Emmanuel Carrère et moi

    Si ce n'est d'avoir écouté en m'assoupissant l'émission "Répliques" dont il éta    it l'invité ce samedi matin (https://www.radiofrance.fr/franceculture/podcasts/repliques/v-13-3416240), où se déployait une fois de plus le dialogue complice entre Alain Finkielkraut et lui-même, je ne sais quelle mouche m'a piqué d'écouter seulement cette nuit l'entretien qu'Emmanuel Carrère et vous-même vous êtes mutuellement accordé (https://www.youtube.com/watch?v=zzpC_e4nNgM). Plusieurs choses m'y interpellent :

Vous commencez par presque lui dire qu'a priori, c'était un écrivain mineur dont les livres ne vous intéressaient pas étant donné l'unanimité critique avec laquelle ils sont accueillis et non seulement il n'en prend pas ombrage, mais il veut bien s'en alarmer lui aussi. Cette audace d'interviewer me plaît et me rencontre d'autant plus que moi non plus, je ne sais pas pourquoi les médias et la littérature ont sélectionné Emmanuel Carrère (dont je n'ai encore rien lu, mais dont j'ai regardé quelques adaptations télévisuelles de ses romans, celles de "l'Adversaire" et l'émouvant "D'autres vies que la mienne". Et bien que le mystère de l'écrivain qui s'inspire de faits réels me reste presque entier pour cause d'entrée différée dans son oeuvre (mais j'envisage de lire Le Royaume, Un roman russe et son dernier opus sur le procès des attentats du 13 novembre), Emmanuel Carrère m'attire d'une façon que je n'aurais jamais supposé et que je ne comprends pas.

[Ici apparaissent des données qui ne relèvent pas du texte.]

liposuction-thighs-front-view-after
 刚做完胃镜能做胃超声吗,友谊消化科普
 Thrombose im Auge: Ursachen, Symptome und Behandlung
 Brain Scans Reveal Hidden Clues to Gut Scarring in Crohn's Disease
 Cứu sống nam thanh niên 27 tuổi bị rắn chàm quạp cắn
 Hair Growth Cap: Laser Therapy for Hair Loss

Dans ses réponses, il vous dit qu'il ne sait pas partir dans l'écriture d'un roman sans avoir "un sujet". En cela il me rappelle mon père dont nous nous moquions allègrement quand il partait dans une de ses tirades contre les artistes (il ne se pardonnait pas d'avoir épousé une artiste peintre, ma mère). Il avait trois choses à prouver:

- "Ceux qui se prétendaient des artistes n'étaient que des artisans." Il prenait le parti de Serge Gainsbourg dans sa querelle avec Guy Béart sur la chanson art majeur ou mineur. Il en voulait à ma mère d'avoir fait croire à ses trois fils (un joaillier accompli et deux écrivains en quête de notoriété ou d'autorité littéraire) qu'ils étaient des artistes.

- "Pour faire un bon écrivain, il faut d'abord avoir un sujet": c'était surtout cette phrase qui provoquait notre hilarité.

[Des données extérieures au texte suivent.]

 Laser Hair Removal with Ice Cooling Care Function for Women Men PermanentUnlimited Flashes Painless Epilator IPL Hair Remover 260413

- Et en bonus, il nous disait que nous ne réussissions pas parce que nous nous imaginions qu'on peut tout faire tout seul: "On ne peut pas être auteur compositeur interprète, il faut déléguer, offrir ses chansons". Sur ce point, je suis certain qu'il n'avait pas tort. Je pense à telle de mes chansons qui aurait été beaucoup mieux chantée par des voix puissantes, si je les leur avais offert.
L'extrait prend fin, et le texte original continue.